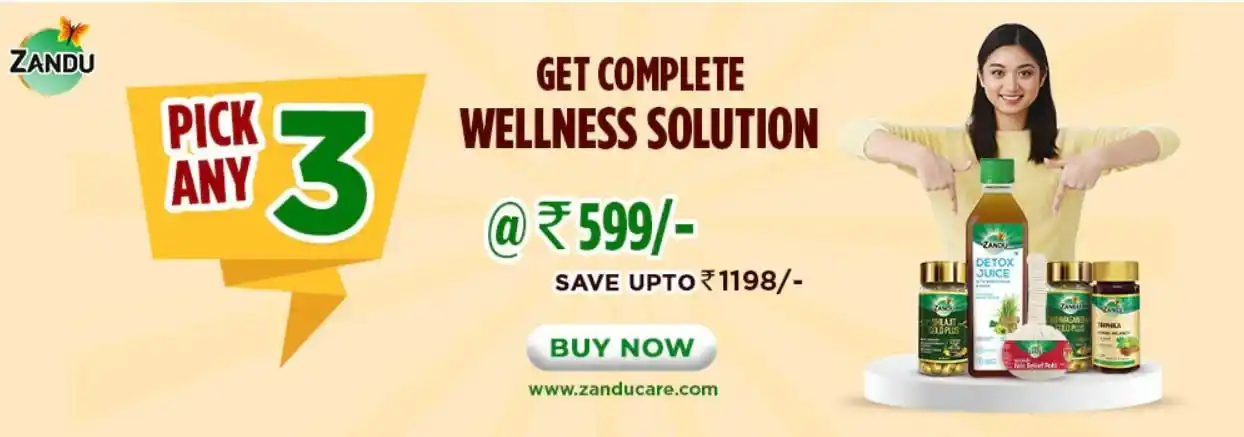 Deals Mega Mart post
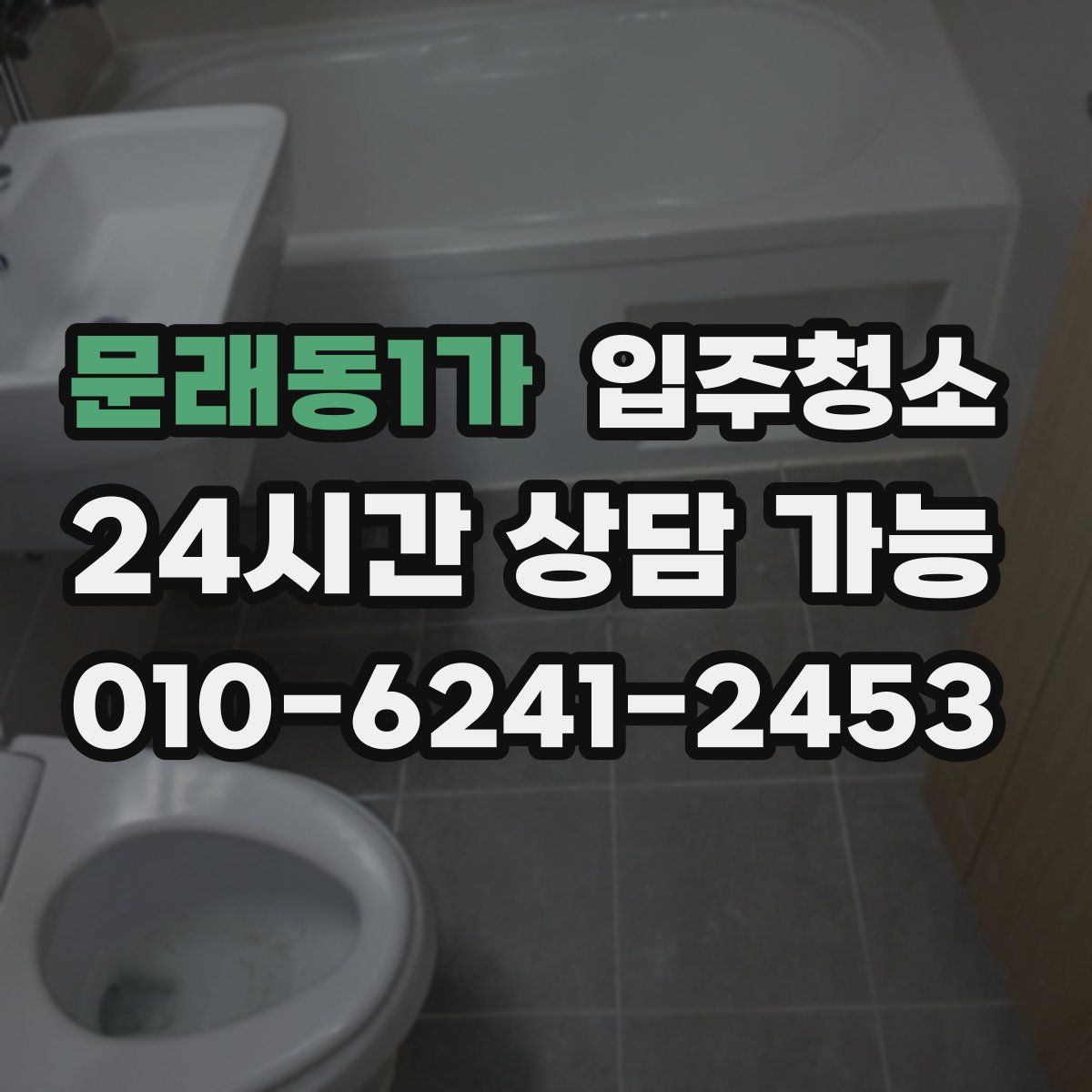문래동1가 원룸청소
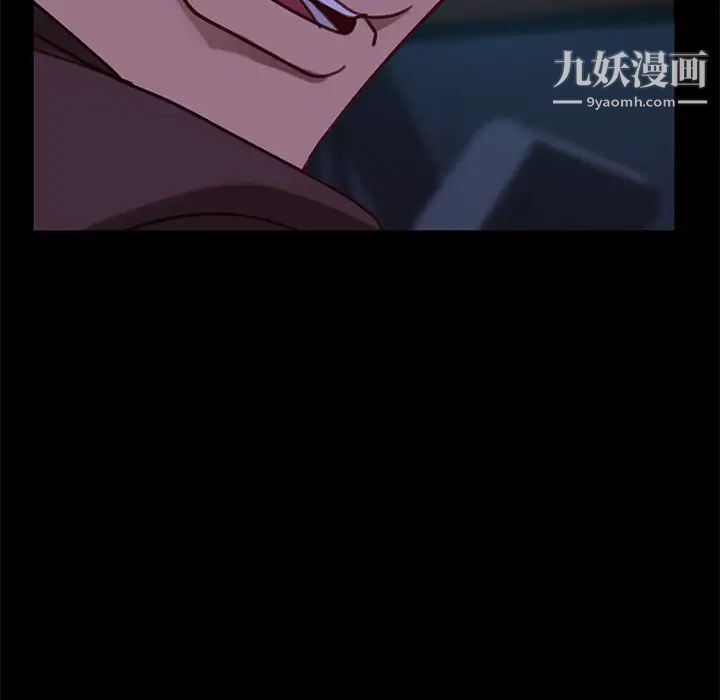 暴发户老金第54话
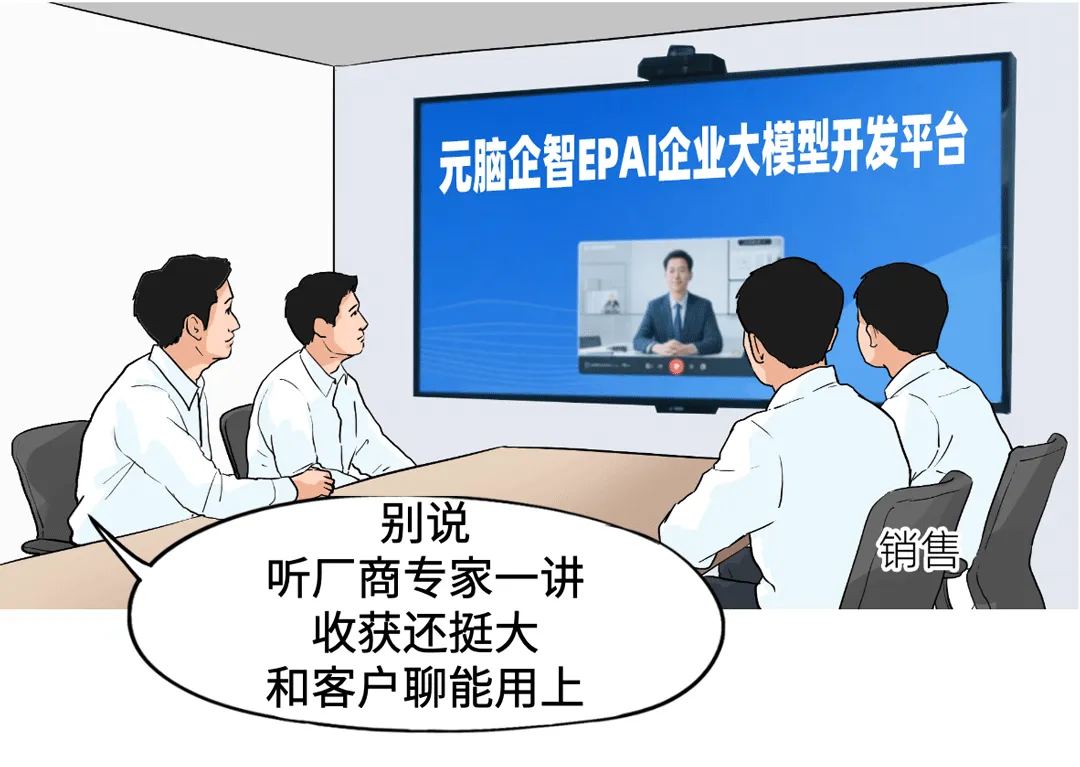 WX40.jpg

____

An exact copy of the whole listing is required, minus the pictures.

* Exercise result:
 Deals Mega Mart post
문래동1가 원룸청소
 暴发户老金第54话
 WX40.jpg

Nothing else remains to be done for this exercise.